As he was in the Midwest and not far from the Stoddard-Dayton company (also probably his sponsor in the Indiana race), the story goes that he visited their auto plant in Dayton, Ohio – a town that also happened to be the place where a couple of brothers named Wright were building airplanes. Whether he stopped by and met Orville (Wilbur was then in France, preparing for his historic flights later that summer) them is unknown; but that race in Indiana is the last record I can find of Fred J. Wiseman ever being in an auto race. Likely he spent the long train ride back to California dreaming of what the sky may hold.
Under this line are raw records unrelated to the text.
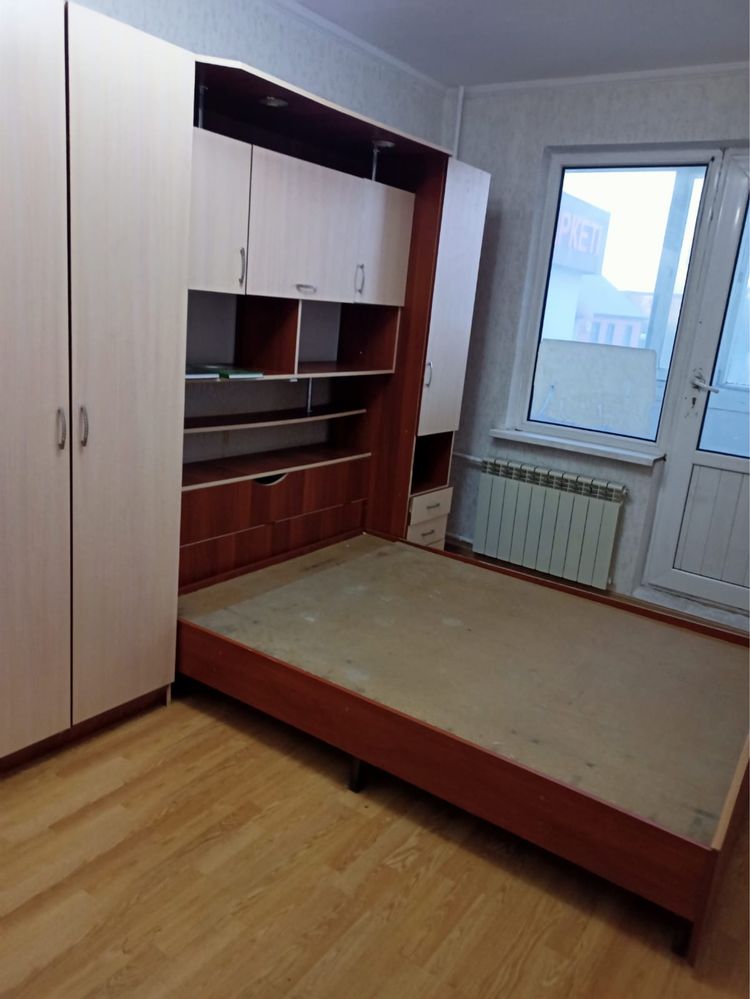 Продам мебель: кухня, кровать и диван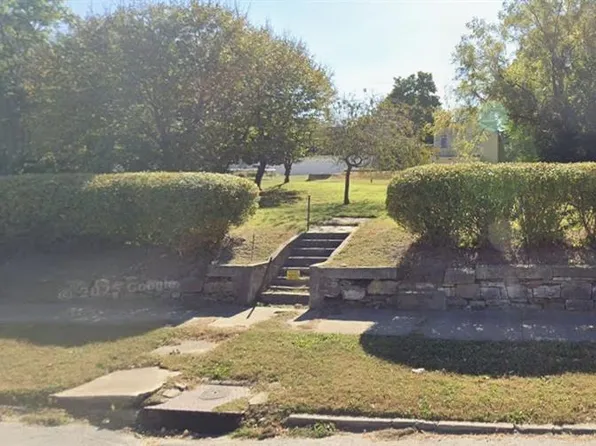 1511 Franklin Ave, Lexington, MO 64067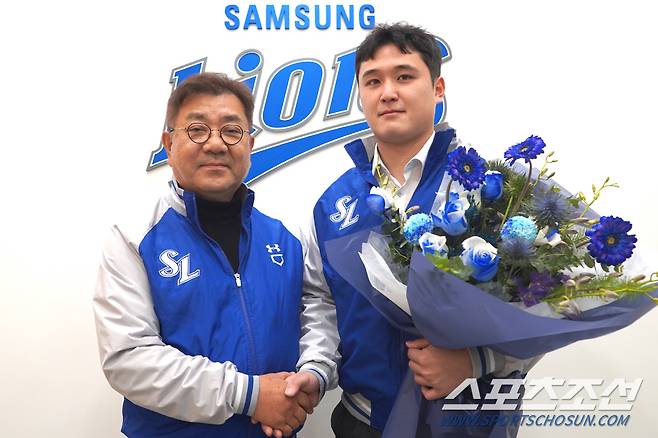 FA 최원태가 삼성 라이온즈와 계약했다. 사진제공=삼성 라이온즈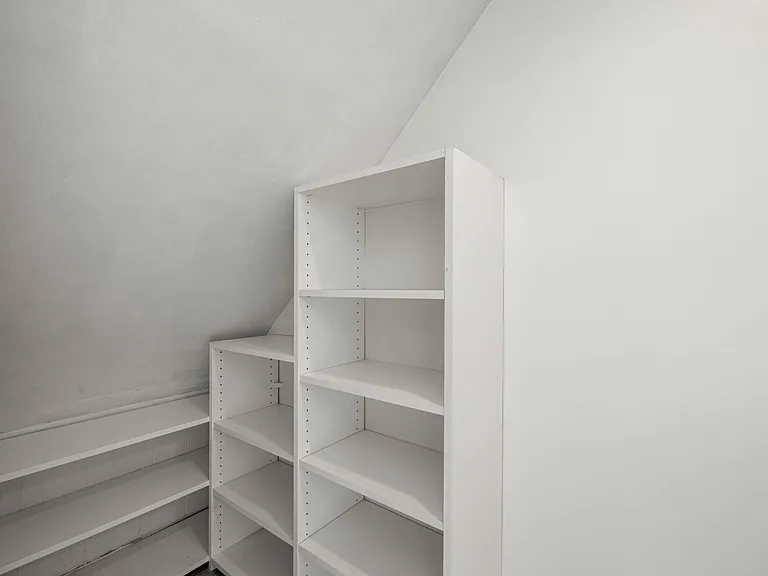 931 Gardner — Photo 9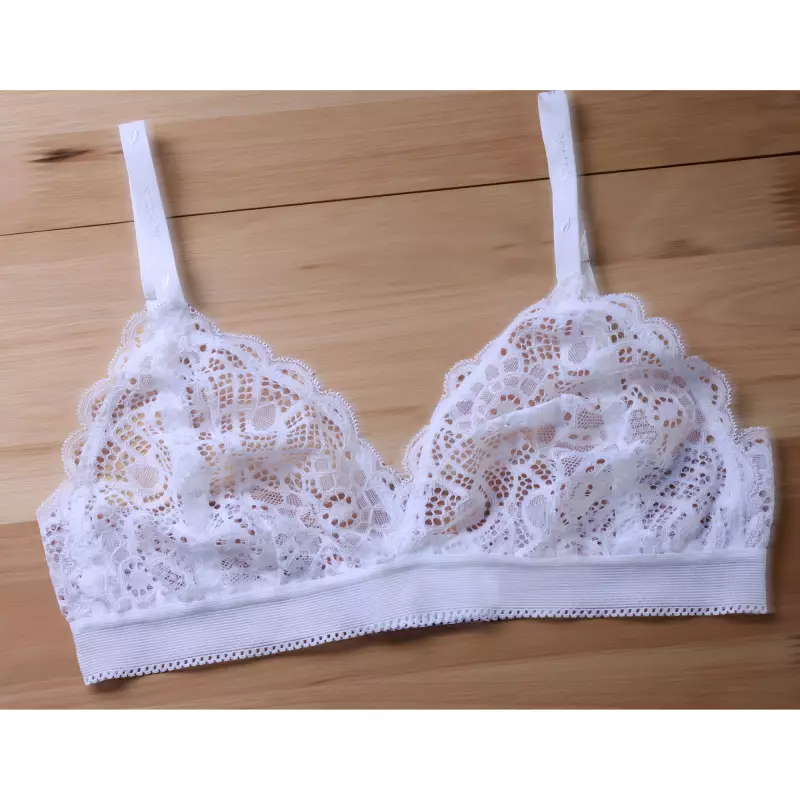 Sosten de encaje blanco sale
Fred J. Wiseman, Formerly of Santa Rosa, Drives Lively Clip in Machine on Track at Concord

A San Francisco paper publishes a picture of Fred J. Wiseman, formerly of this city, driving a Stoddard-Dayton automobile on the Concord track. The picture was taken while Wiseman was driving the car at the rate of twenty-five miles in twenty-eight minutes on a mile track.

Wiseman is one of the most daring and clever riders and in his track racing has demonstrated a thorough control of the machinery. His friends, however, agree that he is foolish to go fast for if something should go wrong it might mean a sacrifice of his life.

– Press Democrat, July 10, 1908
Won by Fred Wiseman at Concord in Great Race

Two fine trophies are being displayed in the window of the Santa Rosa Cyclery, which are attracting considerable attention, especially among the automobile enthusiasts of this vicinity. They are the silver cups won by Fred Wiseman in the great races at Concord a short time ago, and are among the finest loving cups ever brought to this city. One of the cups was the reward for driving the 25 mile auto race in 28 minutes, and the smaller for winning the ten mile race in 11ΒΌ minutes. The trophies are suitably engraved.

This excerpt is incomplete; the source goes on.